Use Cases

Complete Snapshot of the Data Source

Objective

This feature set is engineered to conduct comprehensive data analysis by fetching data from the entire data source up to the last ingestion window during each ingestion job. In this process, all available data from the source is consumed up to the scheduled batch time. Essentially, the defined query or data retrieval process is executed against the specified data source (for example, Snowflake), retrieving records based on conditions defined by the timestamp column until reaching the scheduled batch time.

This example, looks at joining a dimension table with another data source. The Full Read policy ensures that all relevant records are considered.

Definition

This feature set uses two data sources as input - a dimension table and a fact table - both will be set to Full Read.

In addition, given that there are multiple data sources, a timestamp_column_name must be provided and exist in all data sources.

It’s important to note that the Feature Store always progresses with time, meaning that even though the entire data is read (input), the transformation result must progress in time.

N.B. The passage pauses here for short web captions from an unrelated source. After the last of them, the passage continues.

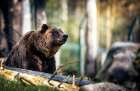 Wildlife 10 Art Print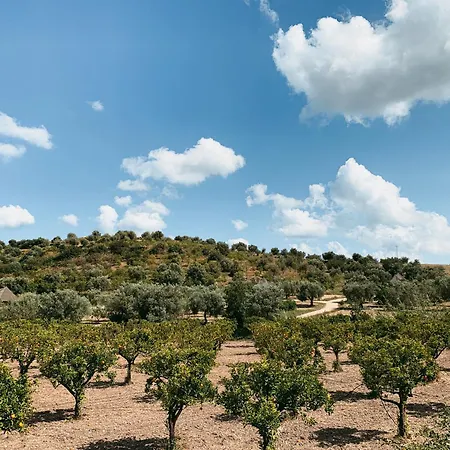 Iuta Farm * Noto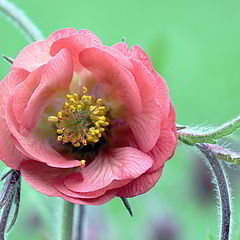 photo "GEUM FLOWER"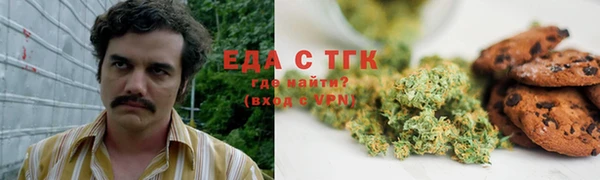 крисы Надым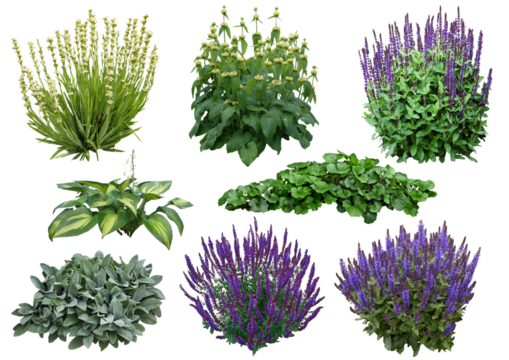 Plantes à fleur détourées PNG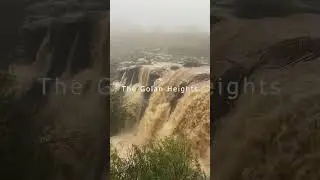 Katzrin Waterfall 
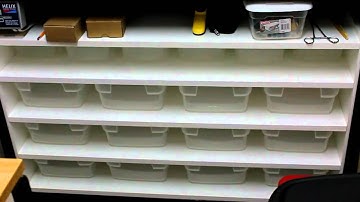 Ball Python Collection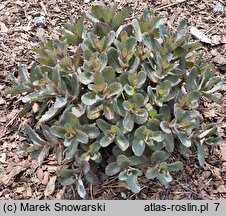 Sedum Picolette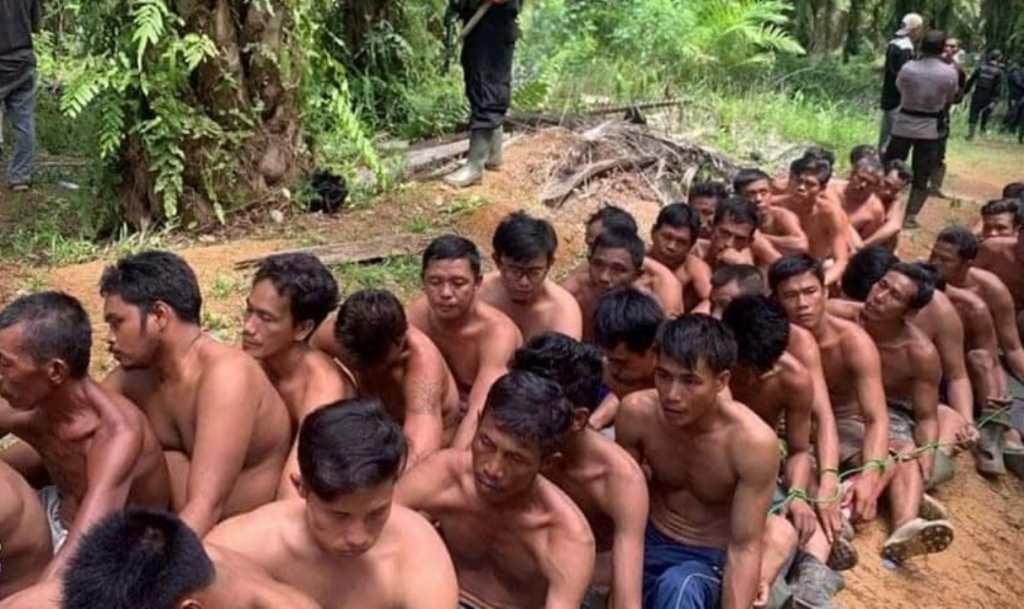 Panen Sawit, 40 Orang Warga Mukomuko Jadi Tersangka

For this purpose, two variables are exposed - qwak_ingestion_start_timestamp and qwak_ingestion_end_timestamp.

@batch.feature_set(
    name = "full_read_featureset",
    key = "account_id",
    data_sources = {
        "account_dimension": ReadPolicy.FullRead,
        "account_fact": ReadPolicy.FullRead
    },
    timestamp_column_name = "process_time"
)
@batch.scheduling(cron_expression = "0 0 * * *")
@batch.execution_specification(cluster_template = ClusterTemplate.MEDIUM)
def transform():
    return SparkSqlTransformation(sql="""
        SELECT account_dimension.account_id,
                          account_fact.is_eligible,
               to_timestamp(${qwak_ingestion_start_timestamp}) AS processing_start,
               to_timestamp(${qwak_ingestion_end_timestamp}) AS process_time
        FROM account_dimension
             LEFT JOIN account_fact 
             ON account_dimension.account_id = account_fact.account_id"""
        )

Timeframe-Based Data Retrieval

Objective

The purpose of this feature set is to analyze data within a designated time period, utilizing the TimeFrame read policy akin to a sliding window mechanism. This policy ensures that only the latest data additions are retrieved, while keys or entities with no data within the specified timeframe are returned as null values. Specifically, the system focuses on data accumulated over the past 365 days.

Definition

Data Source

The process begins by establishing a data source with a query designed to filter and compute data before the feature set is defined. When this data source is utilized, the query executes within the source itself before fetching the data. This approach facilitates the incorporation of feature store-specific logic that can be shared across multiple feature sets.

from frogml.feature_store.sources.data_sources import AthenaSource

athena_source = AthenaSource(
    name='my_athena_source',
    description='Athena data source for timeframe example',
    date_created_column='date_created',
    aws_region='region',
    s3_output_location='s3://path',
    workgroup='workgroup',
    query='''
SELECT
 users.id as user_id,
 readings.date_created,
 readings.reading
FROM users
JOIN readings
ON users.id = readings.user_id
ORDER BY readings.date_created
LIMIT 1000;
''',
)

Feature Set

This feature set uses the data source defined above, and uses the TimeFrame Read Policy.

@batch.feature_set(
    name = "time_frame_featureset",
    key = "user_id",
    data_sources = {
        "my_athena_source": ReadPolicy.TimeFrame(
            days = 365,
        )},
    timestamp_column_name = "date_created"
)
@batch.scheduling(cron_expression = "0 0 * * *")
@batch.execution_specification(cluster_template = ClusterTemplate.LARGE)
def transform():
    return SparkSqlTransformation(sql="""
        SELECT user_id,
                          reading,
               date_created,
        FROM monitor_results_athena_source
             """
        )